As a new user, I want to say how _very_ impressed I am with the performance
of FreeBSD.
Readers of alt.os.linux.mandrake have been hearing the saga of my inherited
1996 PC for several months now. Maybe the latest twist would be of interest
to some here.
The box started life in 1996, with a 120MHz Cyrix 686 (a sub Pentium I
clone), running W95. Since it wasn't up to running NT4.0 it was replaced by
a faster machine and passed on to a friend. I found it again in March,
sitting in a corner gathering dust. I guess this fate has befallen many
perfectly usable computers - you can even write a 3 year old computer off
agaist tax Germany.
Since I needed a 2nd computer, I took it home again and tried to install
Linux on it. The box has now gone through these itterations. Redhat 7.1
(didn't work), Redhat 7.2 (failed too), Slackware 7 (crude install but
worked), (upgraded 128MB EDO memory) Mandrake 8.1, (hard disk upgrade)
Mandrake 8.2, (CPU clocked) Mandrake 8.2 + (CPU replaced by PentiumMMX 166)
+ KDE3.
Mandrake is beautiful to install and maintain but the performance for KDE
was often sluggish, even with the faster CPU and 128MB memory.

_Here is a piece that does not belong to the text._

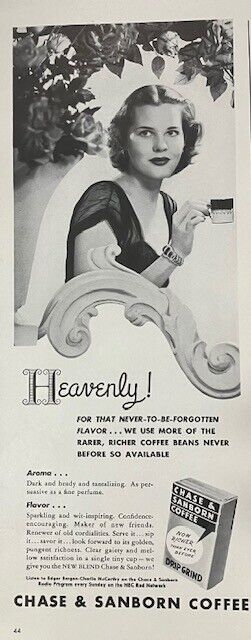 Rare 1941 Original Vintage Chase & Sanborn Coffee Heavenly Advertisement Ad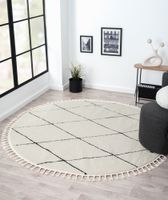 Teppich Moroccan Symphony, 190 cm x 190 cm, Farbe weiß, rund, Florhöhe 19mm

So out of curiousity I installed FreeBSD - not too easy since I got caught
by the CD DMA problem, but once it was running .... Jeepers! The box
behaves as if it were an P4 on steroids.
The performance, especially for KDE3, is nothing short of astounding
compared to Linux. KDE initalisation took around 2 minutes under Linux. It
takes around 15-20 seconds under FreeBSD which is about as fast as an
AthlonXP 1800 box running Linux. Applications are not just noticably
faster, they are so much faster I can now run programs, like glchess, that
near killed the same box under Linux. I'll try to run some benchmarks but
subjectively, from GUI userland, I would say the box feels as if the CPU
clock had been trippled or quadrupled.
Mandrake is not the fastest Linux but I won't them for sluggish performance,
since even good old Slackware was massively slower than FreeBSD. Anyone
care to offer an oppinion why the same hardware/software appears so much
faster under the FreeBSD kernel? Is UFS so much faster than ext3 ? (sure
the journaling is an overhead but I didn't notice so much difference
compared to ext2).
The range of packages availble for FBSD is also excellent. I'm particularly
grateful for the full Ruby implementation.
I believe I'm going to continue using FBSD ... looks like I'm a convert.